*** Opening of DATASET CONTENT ***

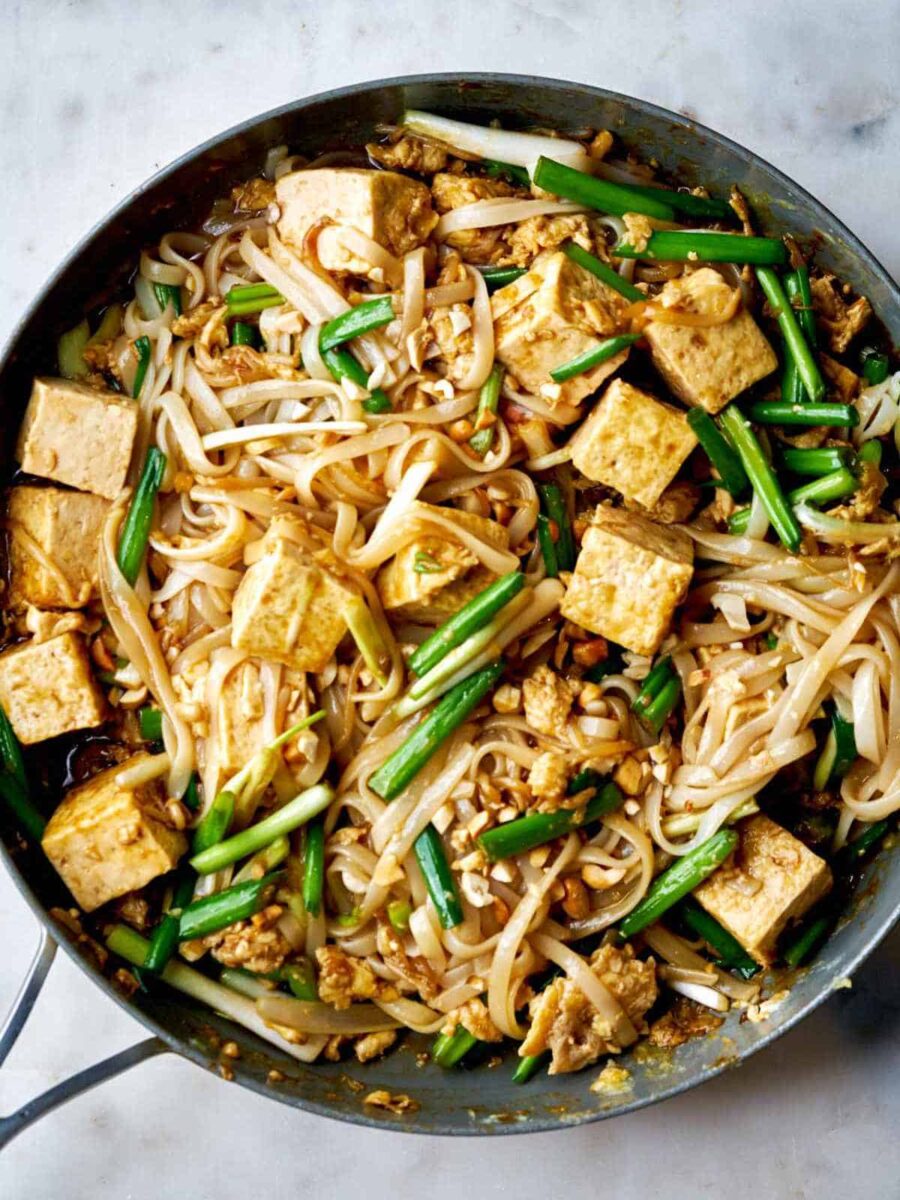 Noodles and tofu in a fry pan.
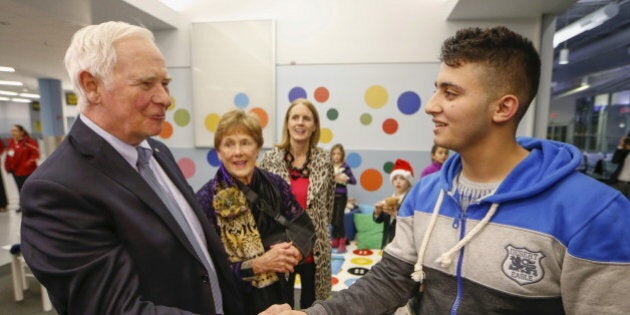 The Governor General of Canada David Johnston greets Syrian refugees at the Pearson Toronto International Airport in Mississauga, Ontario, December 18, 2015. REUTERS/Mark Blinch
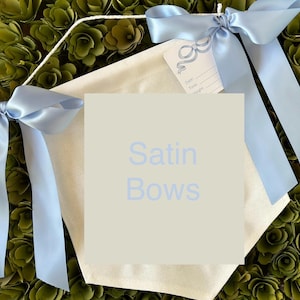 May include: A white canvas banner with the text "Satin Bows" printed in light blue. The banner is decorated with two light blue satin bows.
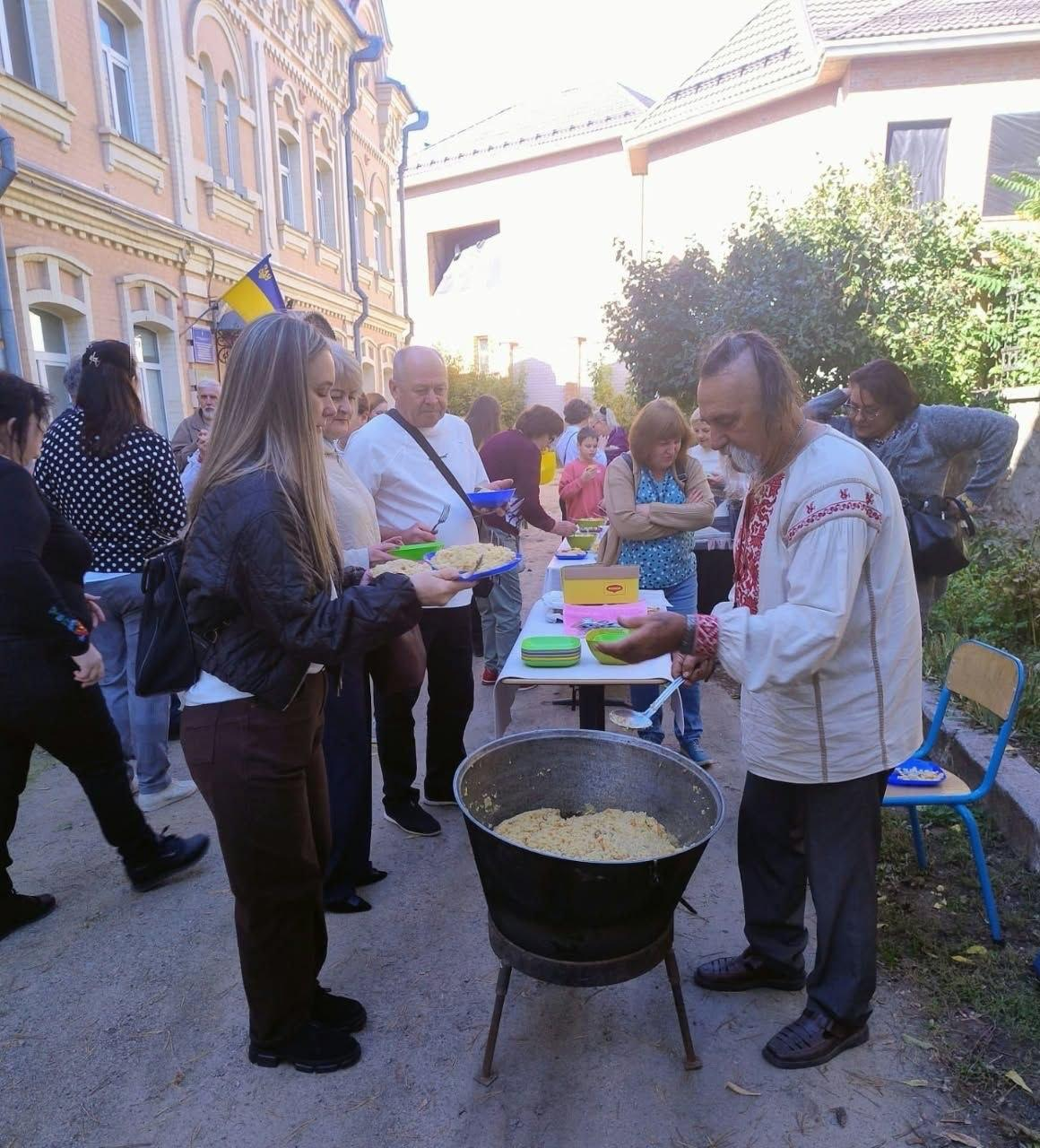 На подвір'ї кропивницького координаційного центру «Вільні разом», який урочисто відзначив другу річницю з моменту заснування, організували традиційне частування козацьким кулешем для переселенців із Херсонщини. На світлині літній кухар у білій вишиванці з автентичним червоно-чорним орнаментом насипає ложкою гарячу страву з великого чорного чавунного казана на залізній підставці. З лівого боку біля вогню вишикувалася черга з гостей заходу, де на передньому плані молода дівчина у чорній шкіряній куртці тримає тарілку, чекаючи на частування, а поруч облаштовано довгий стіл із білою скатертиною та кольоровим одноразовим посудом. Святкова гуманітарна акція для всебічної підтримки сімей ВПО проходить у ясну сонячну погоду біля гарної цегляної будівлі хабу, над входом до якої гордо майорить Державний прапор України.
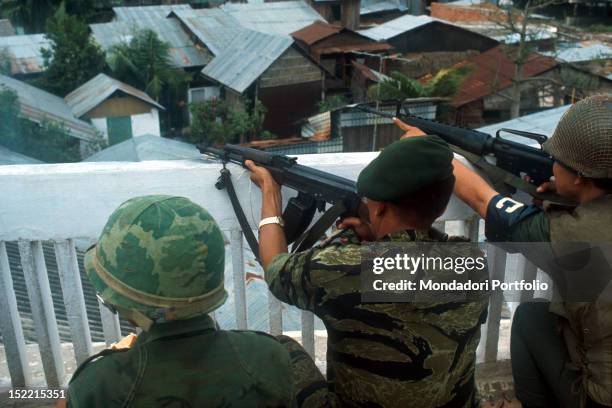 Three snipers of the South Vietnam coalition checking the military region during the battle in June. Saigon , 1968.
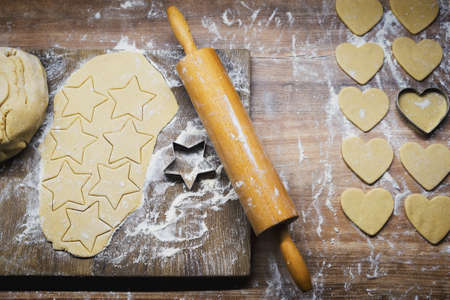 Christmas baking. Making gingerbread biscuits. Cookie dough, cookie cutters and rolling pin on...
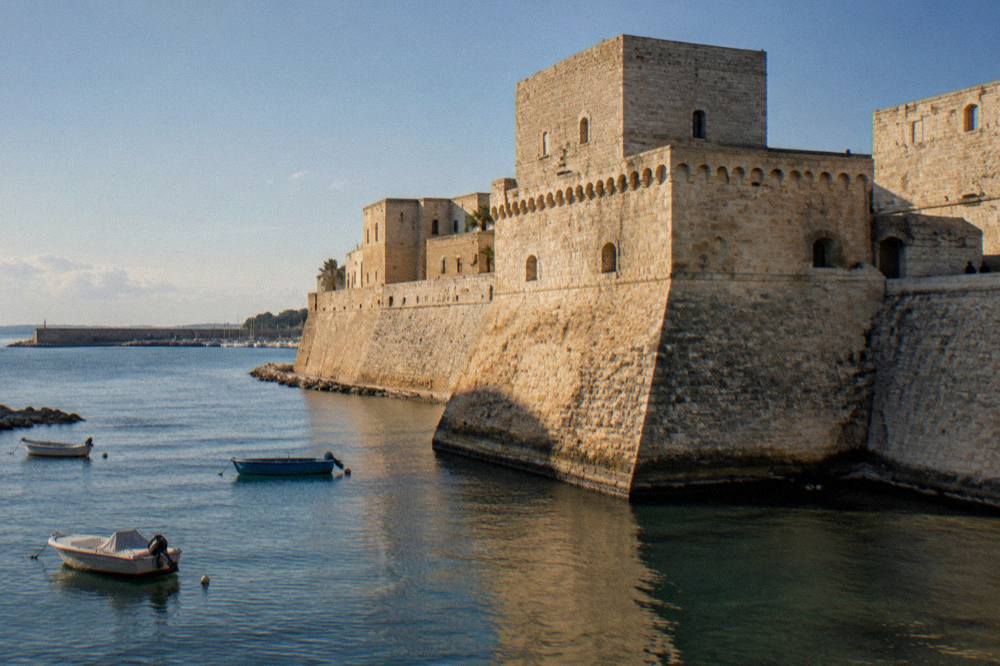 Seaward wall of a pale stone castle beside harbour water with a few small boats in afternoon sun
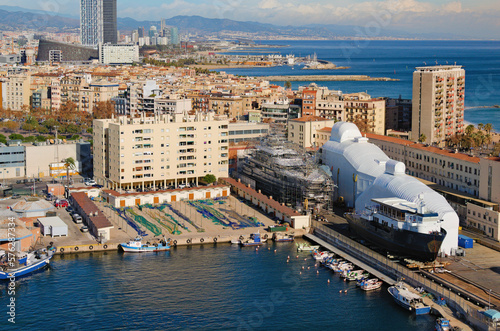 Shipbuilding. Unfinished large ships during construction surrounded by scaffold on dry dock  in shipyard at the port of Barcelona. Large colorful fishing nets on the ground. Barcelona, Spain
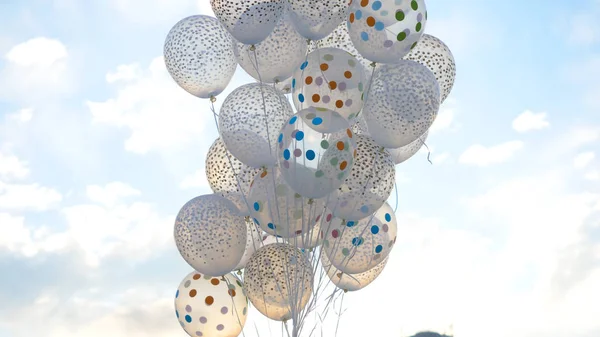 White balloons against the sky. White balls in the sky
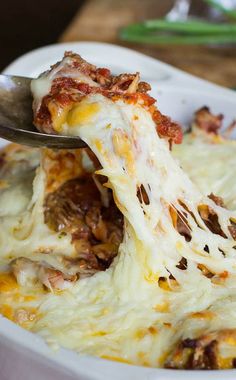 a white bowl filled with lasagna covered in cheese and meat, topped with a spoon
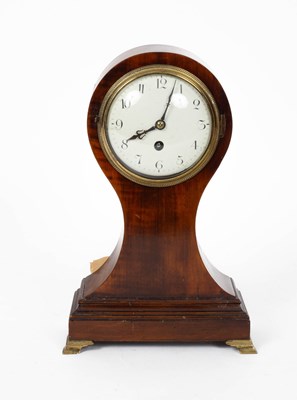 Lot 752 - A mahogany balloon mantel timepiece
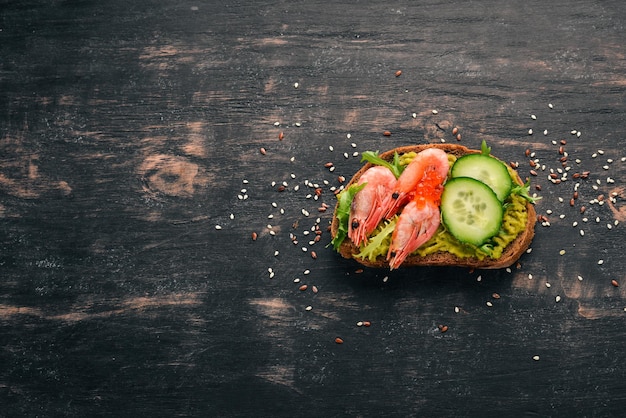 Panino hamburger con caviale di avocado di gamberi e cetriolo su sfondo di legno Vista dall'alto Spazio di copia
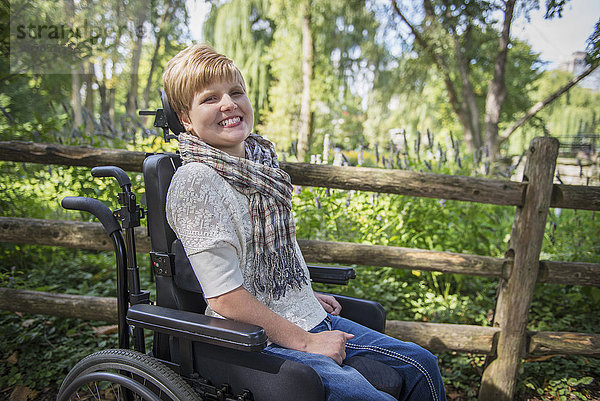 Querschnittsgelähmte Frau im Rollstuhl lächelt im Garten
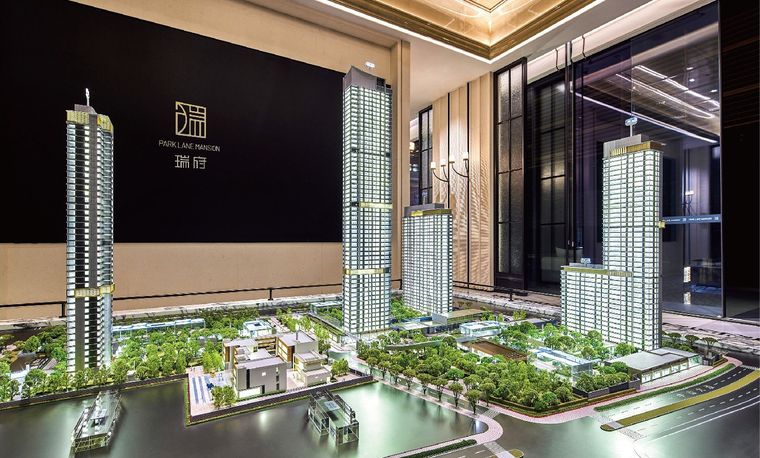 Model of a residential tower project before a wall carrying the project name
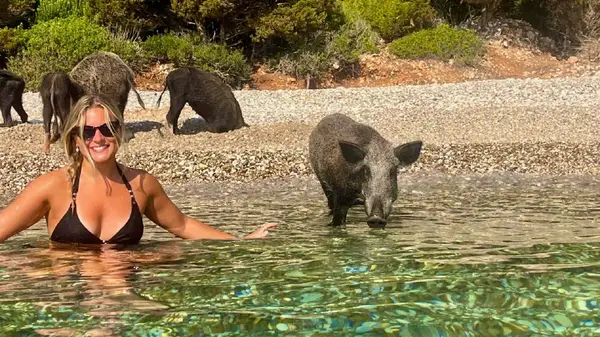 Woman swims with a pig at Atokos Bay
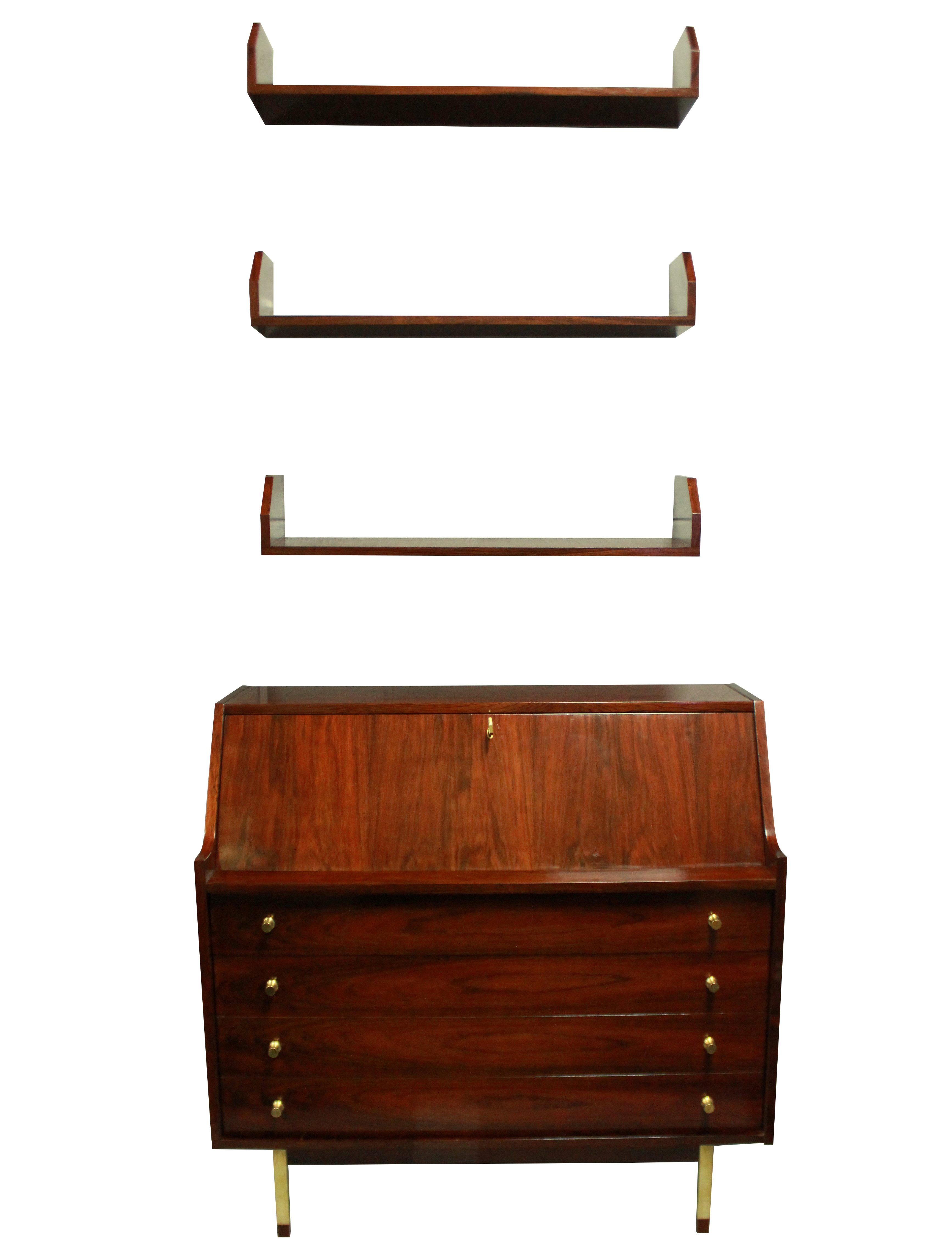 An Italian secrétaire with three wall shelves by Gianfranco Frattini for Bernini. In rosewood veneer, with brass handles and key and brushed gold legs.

*** Close of DATASET CONTENT ***

ASSIGNMENT:
Starting at the line containing "Querschnittsgelähmte Frau im" and stopping at the line containing "Woman swims with a pig at Atokos Bay", output each line exactly as it appears above. Leave out the pictures.

PROBLEM SOLUTION:
 Querschnittsgelähmte Frau im Rollstuhl lächelt im Garten
 Model of a residential tower project before a wall carrying the project name
 Woman swims with a pig at Atokos Bay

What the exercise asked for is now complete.